_RECORDS SHOWN_
# # #

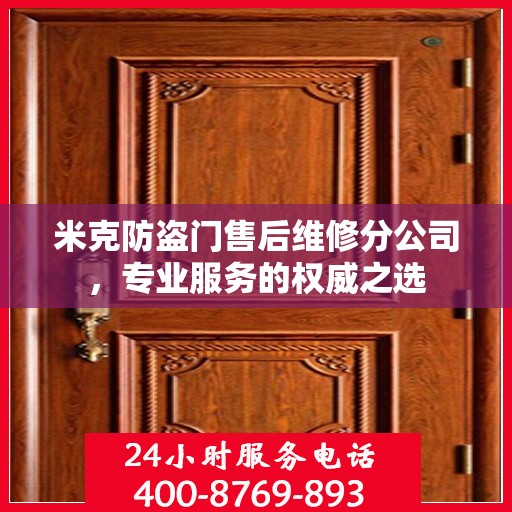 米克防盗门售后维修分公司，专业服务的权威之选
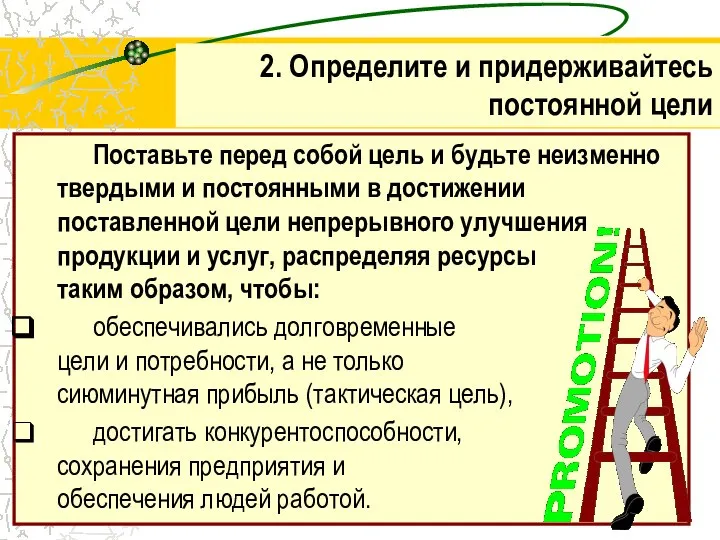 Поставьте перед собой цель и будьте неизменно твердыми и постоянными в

# # #

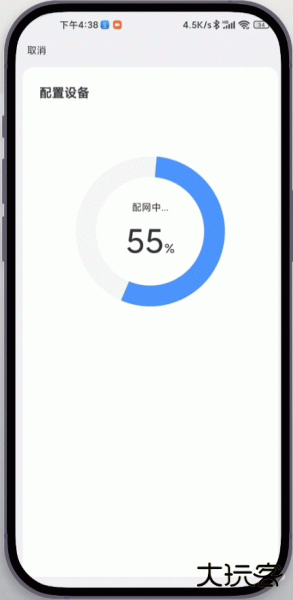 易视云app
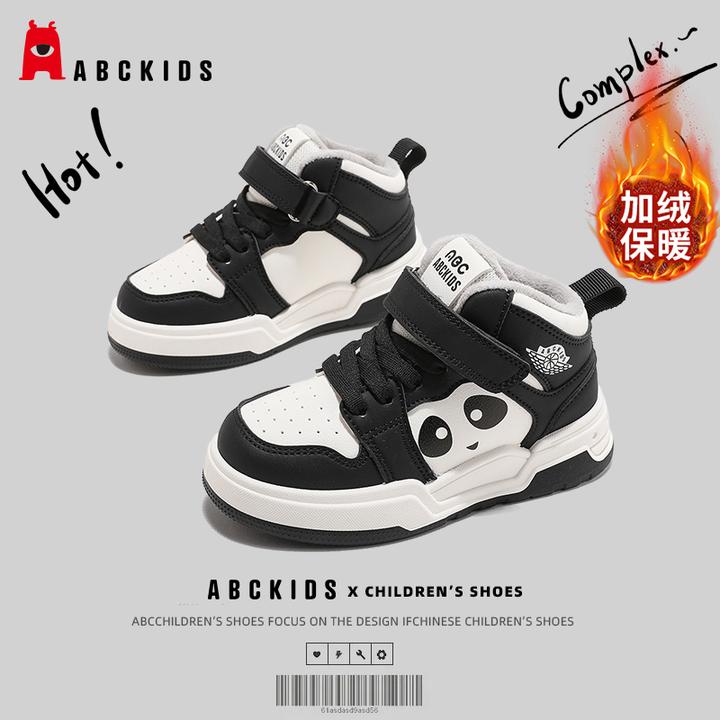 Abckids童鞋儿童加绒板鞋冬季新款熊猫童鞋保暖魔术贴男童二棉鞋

# # #

Your task is to copy only the lines above starting at the one containing "米克防盗门售后维修分公司，专业服务的权威之选" and ending at the one containing "Поставьте перед собой". Copy them exactly, both ends included, and omit the pictures.

_SOLUTION FOR THIS EXERCISE_
 米克防盗门售后维修分公司，专业服务的权威之选
 Поставьте перед собой цель и будьте неизменно твердыми и постоянными в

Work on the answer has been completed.